Têxtil cresceu 8,2% e Vestuário 8,8%. Observe-se que o setor de não duráveis –que apresenta composição orgânica do capital muito abaixo da média do setor de bens duráveis dos eletroeletrônico, automóvel, aeronáutica, armamentos, máquinas, etc. – concentram a maioria dessas indústrias tradicionais com baixíssima competitividade externa.
Mas, mais importante que tudo, são essas indústrias têxteis, vestuário, brinquedos, utilidades domésticas, etc., compostas predominantemente de pequenas e médias empresas, são as que mais empregam força de trabalho nos EUA.
Com os menores salários e as maiores jornadas de trabalho da economia – muitas vezes em regime trabalhista semiescravagista de latinos, asiáticos, africanos, árabes, etc. A pobreza na maior potencia econômica e militar do planeta avança celeremente no mesmo ritmo da expansão e morte dessas empregadoras de multidões de miseráveis assalariados.
Essas pequenas e médias empresas de bens não duráveis produzem, portanto, uma enorme massa de mais-valia, muito superior, em termos absolutos, ao que se produz nas grandes empresas de elevadíssima composição técnica do setor de bens duráveis.
Nestas condições de valorização do capital a característica inferioridade técnica dessas empresas de bens não duráveis é muito importante na dinâmica desigual e combinada dos diferentes setores no ciclo econômico.
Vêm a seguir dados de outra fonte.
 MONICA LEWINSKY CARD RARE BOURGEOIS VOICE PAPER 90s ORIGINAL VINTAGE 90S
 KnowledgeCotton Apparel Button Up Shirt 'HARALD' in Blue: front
Na economia há que se observar a todo momento como a totalidade sempre determina a forma e a dinâmica das partes.
Acontece que a produção nessas empresas de baixos salários de uma massa de mais valia relativamente mais elevada que a que se produz nos setores de bens duráveis age como poderoso elemento compensatório à tendência à queda da taxa geral de lucro – essa última sendo originada pela elevadíssima produtividade do trabalho e da predominância da mais valia relativa na totalidade da economia estadunidense.
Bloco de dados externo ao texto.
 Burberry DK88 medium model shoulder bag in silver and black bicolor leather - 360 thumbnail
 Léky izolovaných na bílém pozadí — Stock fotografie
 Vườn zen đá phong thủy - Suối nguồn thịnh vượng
Última, mas não menos importante, observação. Devido à sua produtividade relativamente inferior à média estadunidense, essas indústrias tradicionais localizadas no setor de bens não duráveis são também as mais vulneráveis à concorrência das economias dominadas low cost, como Haiti, Brasil, China e centenas de outros frágeis e trôpegos estados nacionais integrados passivamente às cadeias produtivas globais.
A “guerra comercial” que o governo norte-americano abre atualmente em várias partes do mundo, a mais visível com a China, diz respeito à proteção dessas indústrias tradicionais do setor de não duráveis.
Elas formam grande parte do chamado rust belt (cinturão da ferrugem) da economia estadunidense – milhares de empresas e centenas de cidades outrora florescentes agora atingidas diretamente pela desindustrialização provocada pela globalização do capital criada e comandada pelos próprios EUA.
Essas empresas e cidades semimortas são socialmente importantes para o destino da governabilidade capitalista no interior do seu próprio território. Na superfície do processo, são determinantes até para a eleição do presidente da República e outros políticos. É fato notório que o atual presidente dos EUA foi eleito com os votos desses descartados da globalização. Fizeram a diferença na apuração final dos votos.
Pois são exatamente esses seus providenciais eleitores do rust belt que o simpático presidente estadunidense atual deseja proteger dos chineses e outros menos poderosos competidores. Mesmo que para isso ele decrete o fim da globalização – pelo menos esta já desgastada velha senhora que reinou no mercado mundial nos últimos quarenta ou cinquenta anos.